Step 3: Break down by job class

Different pipeline jobs usually fail for different reasons.

  • Unit tests, often CPU-bound and sensitive to dependency restore
  • Integration tests, often environment-bound and database-heavy
  • UI tests, often dominated by browser startup, waits, and app readiness
  • Packaging jobs, often I/O-bound or artifact-heavy

If only UI jobs are slow, do not waste time tuning unit test parallelism. If every job is slow, inspect runner saturation and shared infrastructure first.

Step 4: Look at percentile drift

The p95 is often more important than the average in CI. A small number of slow runs can block merges, extend release windows, and create a perception that the entire system is unreliable.

When teams say “the pipeline feels slow,” they are often describing variance, not mean runtime.

Why tests can look healthy while builds get slower

A healthy test suite can coexist with a slow pipeline for several reasons.

The test logic is stable, but infrastructure is not

Maybe the tests run in the same amount of time, but runner images have grown, dependency downloads have increased, or external services have become slower. The test suite passes, but the build is still slower because the environment is doing more work around it.

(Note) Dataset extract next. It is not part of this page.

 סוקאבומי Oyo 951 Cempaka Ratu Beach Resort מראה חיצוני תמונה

Cached work stopped caching well

A subtle cache key change, dependency lockfile churn, or container image invalidation can cause repeated cold starts. Test reports will still look good because the tests themselves are fine, but the pipeline pays the cost every time.

Parallelism is hiding in the wrong place

Tests may be parallelized inside a job, while the pipeline remains serial across jobs. In that case, each individual test can be healthy, but the full workflow is still bottlenecked by staged dependencies or fan-in sequencing.

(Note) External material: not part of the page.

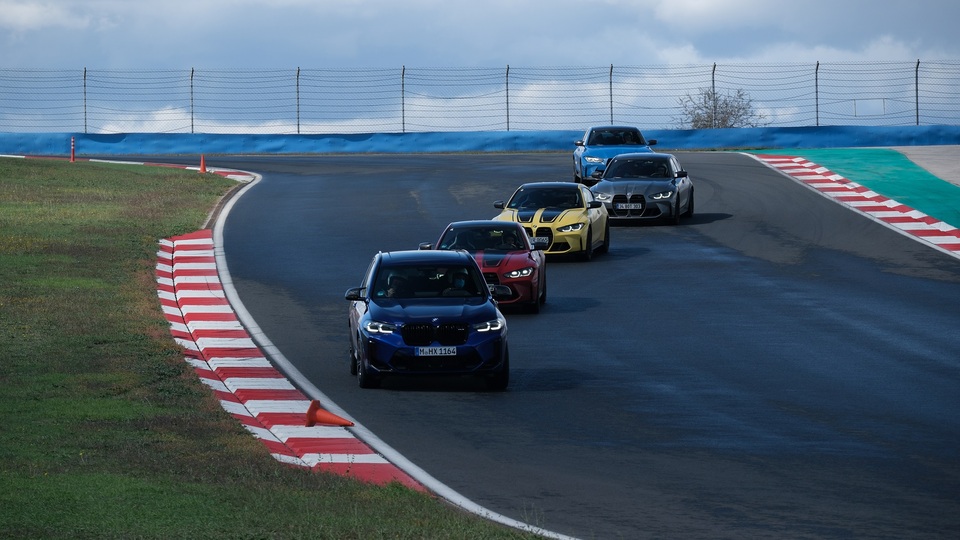 50'nci yaşını pistte kutladı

A few steps dominate the critical path

If your pipeline has 20 steps and 2 of them account for 80 percent of total time, you need critical-path analysis, not average step analysis. Shortening non-critical steps will not change build time much.

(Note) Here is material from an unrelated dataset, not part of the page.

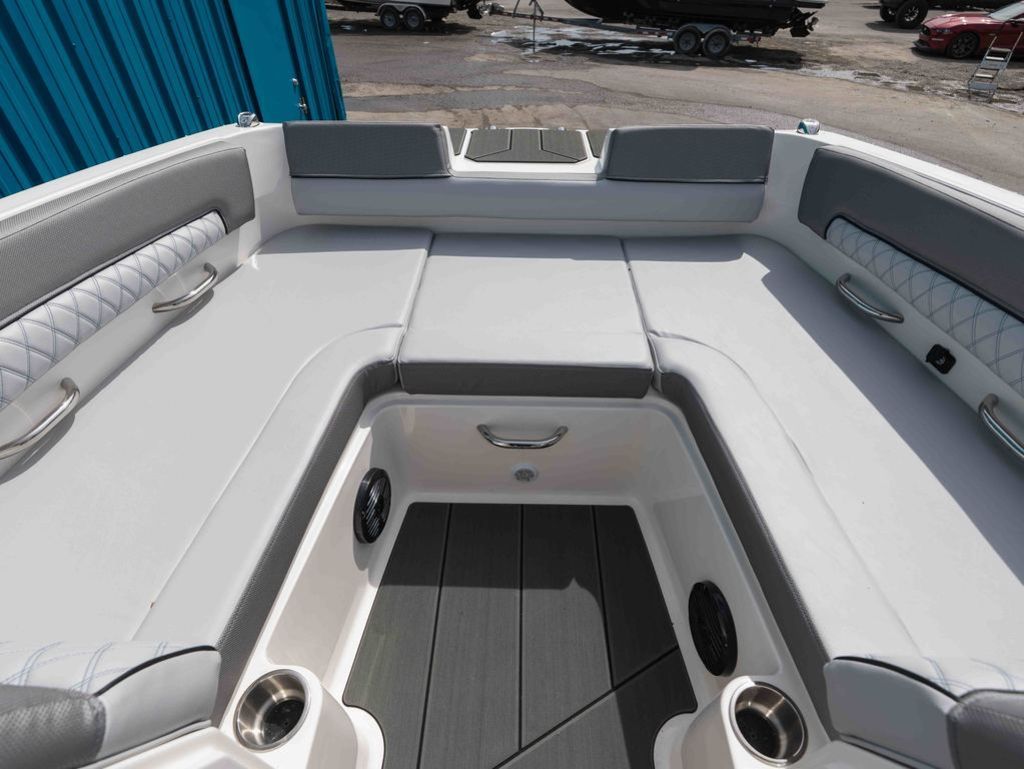 2025 Bayliner D22 - 10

External calls are slowing the build

Package registries, container registries, artifact stores, license checks, and internal APIs can all add latency. The tests still pass, but the surrounding ecosystem is slower than it used to be.

Instrumentation ideas that actually help

You do not need a full observability platform to start measuring. You do need consistent timestamps and enough metadata to group runs meaningfully.

Add timing to each phase in CI logs

For script-driven pipelines, print timestamps before and after major steps.

start=$(date +%s)
echo "[checkout] $(date -Is)"
git fetch --depth=1 origin main
checkout_done=$(date +%s)
echo "[deps] $(date -Is)"
npm ci
install_done=$(date +%s)
echo "checkout_seconds=$((checkout_done - start))"
echo "deps_seconds=$((install_done - checkout_done))"

This is crude, but it is enough to separate checkout from dependency work in a way that can be graphed later.

Emit test timing per spec or file

For browser or integration tests, collect per-spec duration so slow paths become visible.

import { test } from '@playwright/test';
test('checkout flow', async ({ page }) => {
  const started = Date.now();
  await page.goto('/checkout');
  await page.getByRole('button', { name: 'Place order' }).click();
  console.log(`checkout_flow_ms=${Date.now() - started}`);
});

If a specific test keeps drifting, the problem may be an app change, a new wait condition, or a shared environment dependency.

Track cache hit rate

A cache that exists but misses often is just extra complexity. Record cache hits and misses per job type, especially for dependencies, browser binaries, and build artifacts.

Tag runs with environment metadata

When comparing timing data, capture:

  • branch name
  • commit SHA
  • runner type
  • OS image version
  • container image digest
  • dependency lockfile hash
  • test suite name

Without metadata, you cannot tell whether the slowdown came from code, infra, or job placement.

How to tell the difference between test slowness and pipeline slowness

A useful separation is this:

  • Test slowness means individual specs, suites, or test phases are taking longer once execution begins.
  • Pipeline slowness means everything around tests, before and after execution, is taking longer.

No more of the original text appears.